Chairman of the Oracle board, Jeff Henley, apologised for Ellison’s absence before Kurian launched into his presentation.

“He [Ellison]wishes he could be here, but he can’t be in two places at once,” Henley said.

Kurian says that when Oracle announced almost three years ago that it intended being a serious player in applications, many had doubted it could be. But with the development of Oracle Application Suite, he says, the company had proved them wrong.

“We now have more than 20-million users, 10 000 companies in 180 countries and in 34 languages,” Kurian says. “And it’s all one community.”
Now, he adds, it is time for the next step.

“We took our Application Suite and said: Wouldn’t it be nice if people got a great platform to go with it?” Kurian continues. “So, today, we’re introducing a broad set of platforms to go with these applications.”
The trio of announcements include: Oracle Database as a cloud service; Java as a service in Oracle Cloud; and Oracle Infrastructure as a service through Oracle Cloud.

“This suite of platform services is unique in three ways,” Kurian says. “It will integrate with all your applications; it is the same software that you use on your premises; and, most importantly, we will manage the software for you.”

The first new product, Oracle Database Cloud Service, will support both 11g and 12 versions of the company’s database.

“What is it?” Kurian asks. “Simply, we are taking the world’s best database and making it available in the cloud. You can go to Oracle Cloud and get a dedicated database. And Oracle manages it for you – all patches, all upgrades – so that you can focus on using the database and building applications.”

Oracle Database Cloud Service will be available to users on a subscription, pay-as-you-go basis with three levels – basic, managed and maximum availability.

“Step two,” Kurian says, “is we’re taking Java as a service into Oracle Cloud. Again, it is the same WebLogic you use on your premises and, again, Oracle will manage it for you.

“With these two new products, customers can now have a database and a Java environment up and running within 20 to 30 minutes,” Kurian says.
“Just think about how long it would normally take for this going through the normal on-premise process … days at least.”

The new Java offering will also have three tiers of service in basic, managed and maximum availability.

Rounding off the trio of new products is Oracle Infrastructure as a service through Oracle Cloud which, Kurian says, offers two new crucial services – storage and compute.

“With our storage service, users will have the ability to use the cloud to store anything from files and objects through to logs,” he says. “But it is with the compute services that we’re really excited. You can build your applications in Java, but what if you want to build in Ruby … or C++? Now you can use our compute services for this.

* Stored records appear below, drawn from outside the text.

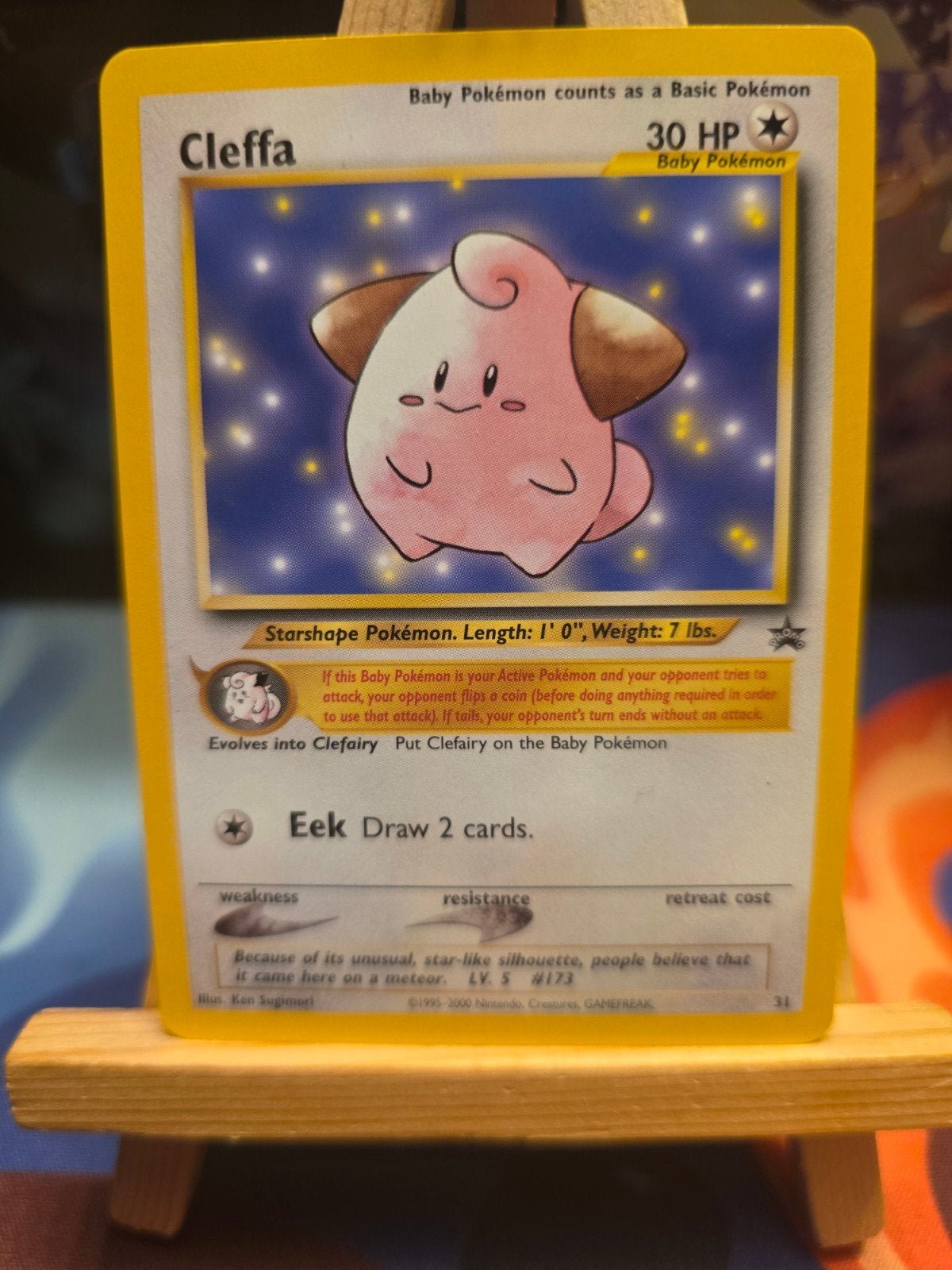 Pokemon Promo Cleffa Wotc 31, Verzenden, Gebruikt, Losse kaart, Foil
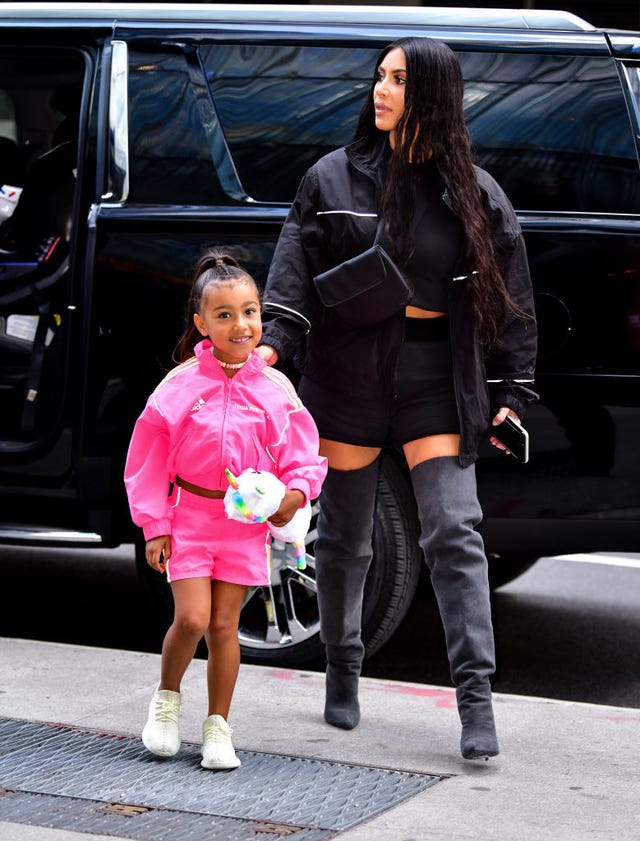 Celebrity Sightings in New York City - June 14, 2018 new york, ny june 14 north west and kim kardashian seen on the streets of manhattan on june 14, 2018 in new york city photo by james devaneygc images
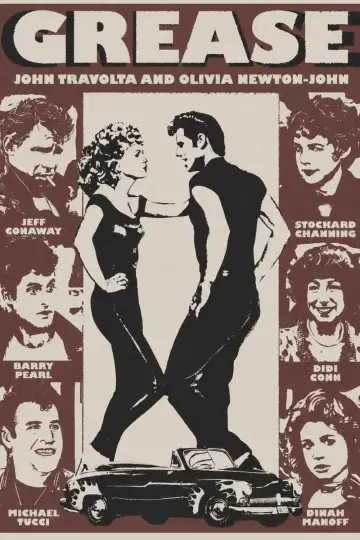 Plakat do filmu "Grease" #1216225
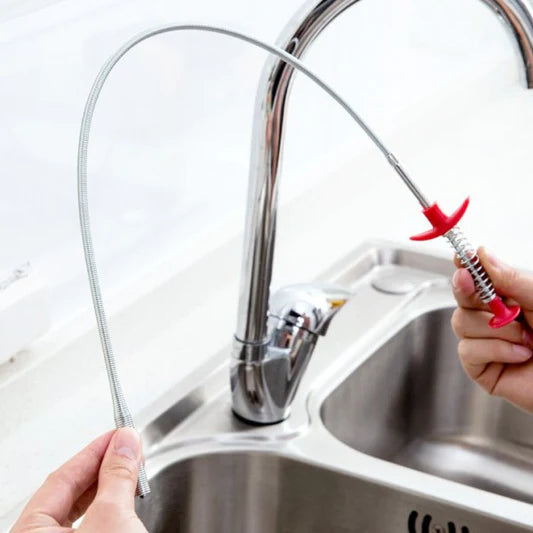 Bendable Grabber Sewer Sink Cleaner Hook - Silver - Shop N Save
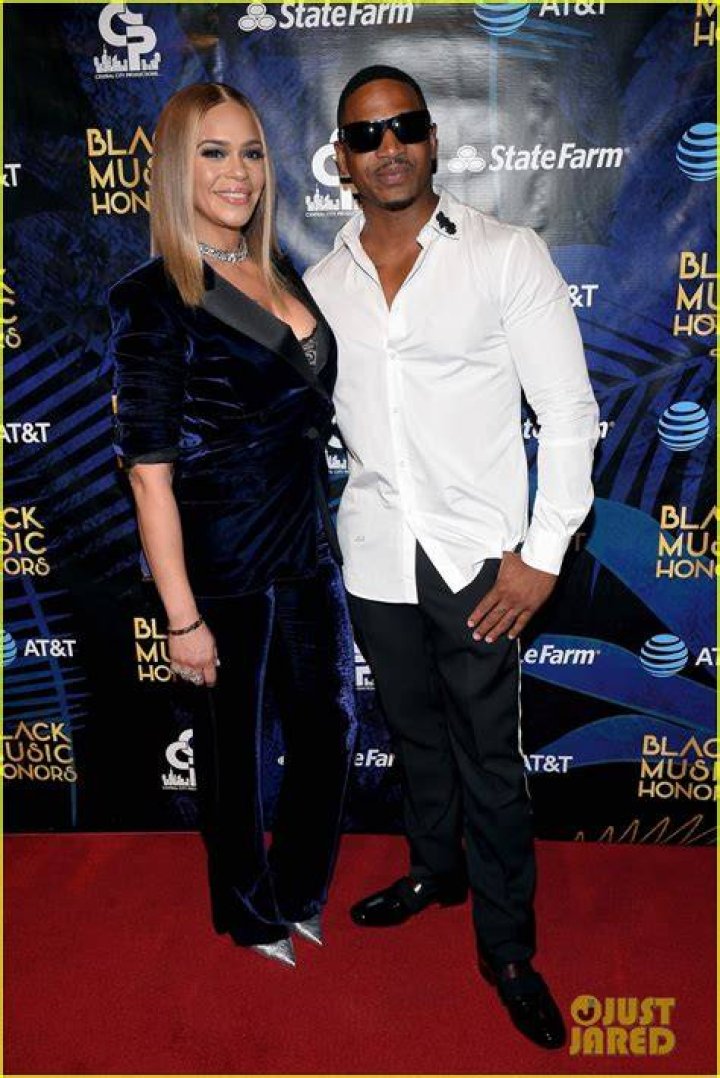 Faith Evans, Stevie J. Faith Evans, right, and Stevie J arrive at the Pre-Grammy Gala And Salute To Industry Icons at the Beverly Hilton Hotel, in Beverly Hills, Calif 2019 Pre-Grammy Gala And Salute To Industry Icons - Arrivals, Beverly Hills, USA - 09 Feb 2019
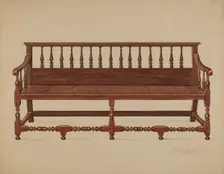 Settee, 1935/1942. Creator: Frank Wenger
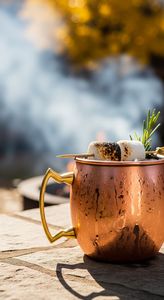 Copper beverage mug set lavender pavilion <b>cups</b> <b>reusable</b> premium cocktail serving durable collection mugs - Product Image 3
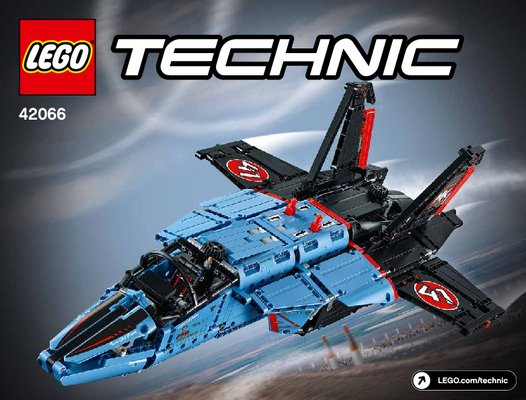 Notice / Instructions de Montage - LEGO - Technic - 42066 - Le jet de course: Page 1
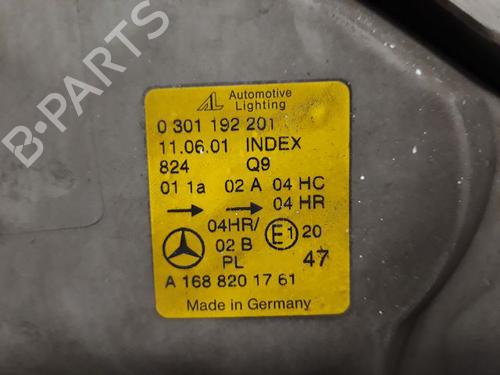 Left headlight MERCEDES-BENZ A-CLASS (W168) A 140 (168.031, 168.131) | BP21605009C28 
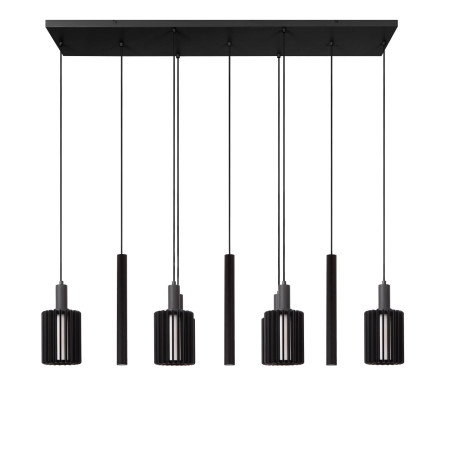 Lucide LAMBRES - Suspension - 6xE27 - Noir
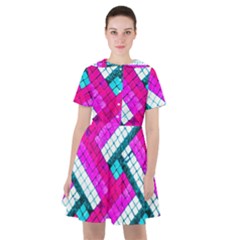 Pop Art Mosaic Sailor Dress by essentialimage365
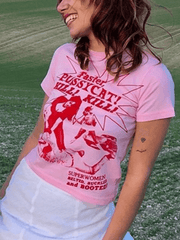 Pussy Cat Printed Tee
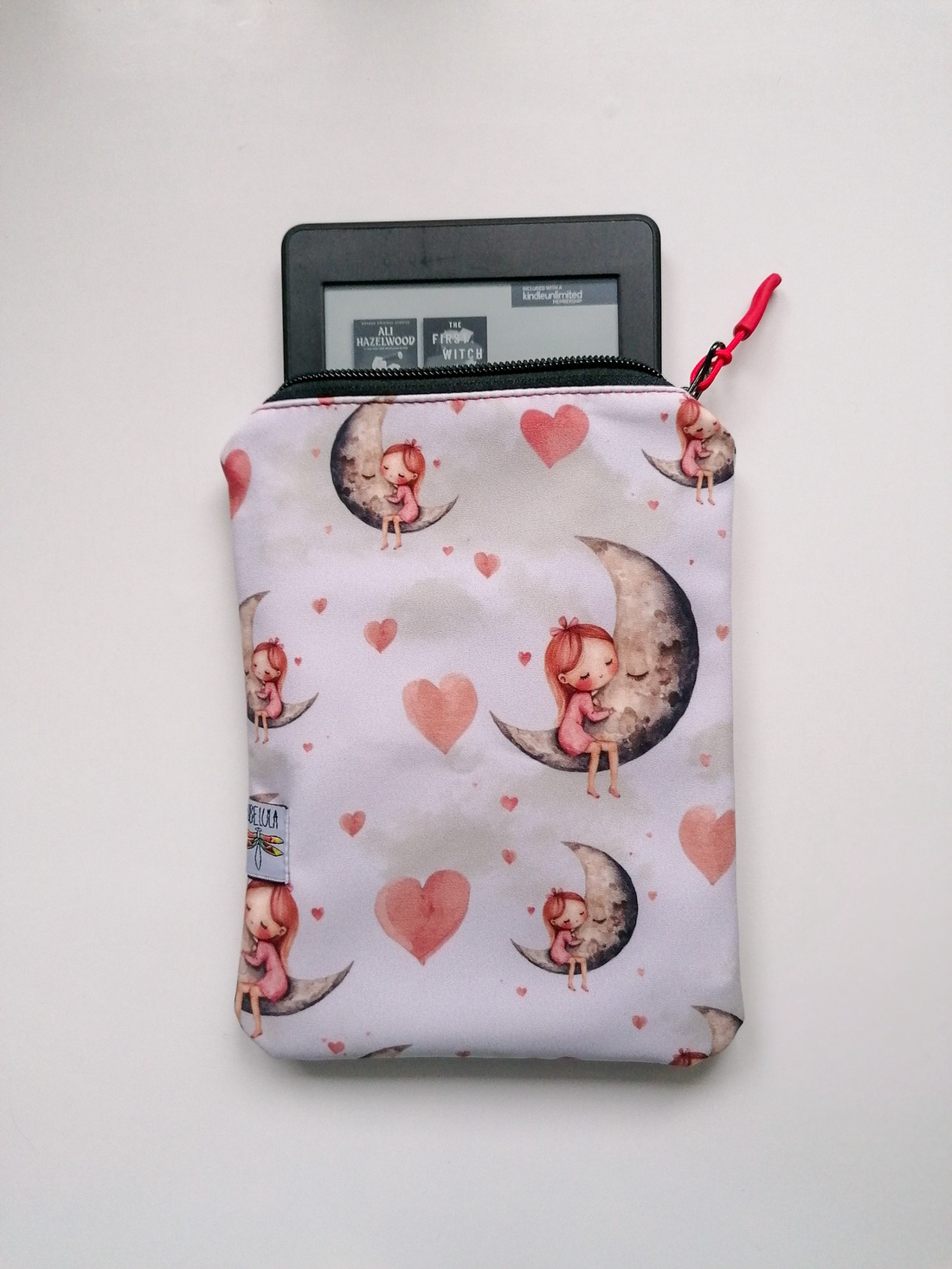 Husă kindle LIBELULA - moon girl - genți și portofele - huse tablete și ebook - Artynos.ro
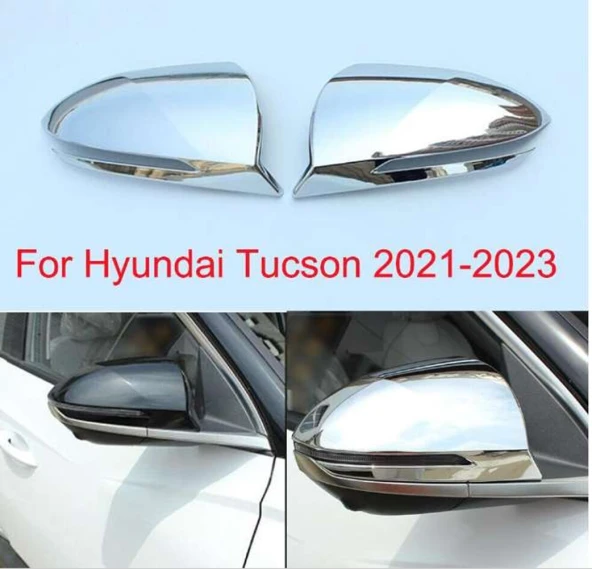 Hyundai Tucson 2021 Sonrası Ayna Kapağı ABS Krom ürün görseli 1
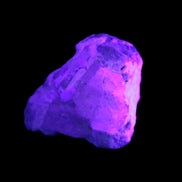 Pink and Clear Kunzite with Green Tourmaline in matrix 39*35*42mm 196ct 39.5g in UV light - Rocks and Things Store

“These compute environments are fully isolated – customers will get full management access, full root access, but full network isolation.”

Kurian says that these two new services on their own move Oracle forward in the era of infrastructure as a service.

“People told us three years ago that we wouldn’t be a cloud company,” he says.

“But 21,5-million people and 10 000 companies will tell you they love Oracle Cloud. Add to that application platforms and infrastructure and it allows you to do two very important things: it gives the customer a platform to change IT; and it makes them more agile.
“It saves costs and gives speed,” he adds. It is easy to provision, easy to use and it’s easy to move workloads – and it’s all based on software you run on-premise.

“We believe in this vision that we’ve worked on for nearly five years now and we’re seeing Oracle being perceived in a new light,” Kurian says. “We can change your experience and we can transform the way we deliver software to companies all around the world.”

** Editor’s Note: Larry Ellison may well have had good reason to skip his keynote for the America’s Cup final. Oracle Team USA won both races today to tie the longest final in the trophy’s history with Emirates New Zealand 8-8.

They have won seven races in a row and come back from a two-point penalty in what the US press is hailing as “the greatest sporting comeback ever”. Tomorrow sees the final, deciding race in the America’s Cup final taking place in San Francisco Bay, weather permitting.